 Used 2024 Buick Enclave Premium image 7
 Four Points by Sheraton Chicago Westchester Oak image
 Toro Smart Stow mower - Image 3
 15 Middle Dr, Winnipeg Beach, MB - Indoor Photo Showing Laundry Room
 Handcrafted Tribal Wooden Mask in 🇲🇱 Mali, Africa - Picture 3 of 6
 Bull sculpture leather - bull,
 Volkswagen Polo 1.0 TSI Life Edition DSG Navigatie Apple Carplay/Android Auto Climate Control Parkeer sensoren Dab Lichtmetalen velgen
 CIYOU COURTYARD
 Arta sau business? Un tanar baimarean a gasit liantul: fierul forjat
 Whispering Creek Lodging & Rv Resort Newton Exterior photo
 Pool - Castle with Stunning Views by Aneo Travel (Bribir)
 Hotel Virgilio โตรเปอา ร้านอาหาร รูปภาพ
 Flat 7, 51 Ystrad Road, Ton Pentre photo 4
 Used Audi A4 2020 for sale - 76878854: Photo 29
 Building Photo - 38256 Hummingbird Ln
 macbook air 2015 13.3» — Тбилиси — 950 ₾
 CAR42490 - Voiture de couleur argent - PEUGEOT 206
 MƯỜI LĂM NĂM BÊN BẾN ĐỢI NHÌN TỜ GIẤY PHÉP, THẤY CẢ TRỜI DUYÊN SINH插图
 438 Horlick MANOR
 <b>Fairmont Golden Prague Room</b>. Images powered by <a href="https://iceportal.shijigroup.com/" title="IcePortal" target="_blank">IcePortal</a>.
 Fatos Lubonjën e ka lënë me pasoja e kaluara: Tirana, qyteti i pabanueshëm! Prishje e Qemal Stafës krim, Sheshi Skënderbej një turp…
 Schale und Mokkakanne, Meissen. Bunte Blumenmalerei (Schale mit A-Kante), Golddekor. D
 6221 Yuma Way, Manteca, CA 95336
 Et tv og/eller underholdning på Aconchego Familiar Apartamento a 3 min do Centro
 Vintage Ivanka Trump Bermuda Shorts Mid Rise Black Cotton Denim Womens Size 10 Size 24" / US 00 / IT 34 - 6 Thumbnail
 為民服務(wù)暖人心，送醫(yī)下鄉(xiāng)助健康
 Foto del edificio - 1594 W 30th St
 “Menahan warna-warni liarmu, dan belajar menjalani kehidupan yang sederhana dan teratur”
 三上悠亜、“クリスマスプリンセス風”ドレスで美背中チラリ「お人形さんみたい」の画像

━━━━━━━━━━━━━━━━━━━━

→ PROBLEM DETAILS
Your answer must be the lines above from the one containing "Arta sau business?" to the one containing "438 Horlick MANOR", both included, restated word for word.

→ FINAL ANSWER
 Arta sau business? Un tanar baimarean a gasit liantul: fierul forjat
 Whispering Creek Lodging & Rv Resort Newton Exterior photo
 Pool - Castle with Stunning Views by Aneo Travel (Bribir)
 Hotel Virgilio โตรเปอา ร้านอาหาร รูปภาพ
 Flat 7, 51 Ystrad Road, Ton Pentre photo 4
 Used Audi A4 2020 for sale - 76878854: Photo 29
 Building Photo - 38256 Hummingbird Ln
 macbook air 2015 13.3» — Тбилиси — 950 ₾
 CAR42490 - Voiture de couleur argent - PEUGEOT 206
 MƯỜI LĂM NĂM BÊN BẾN ĐỢI NHÌN TỜ GIẤY PHÉP, THẤY CẢ TRỜI DUYÊN SINH插图
 438 Horlick MANOR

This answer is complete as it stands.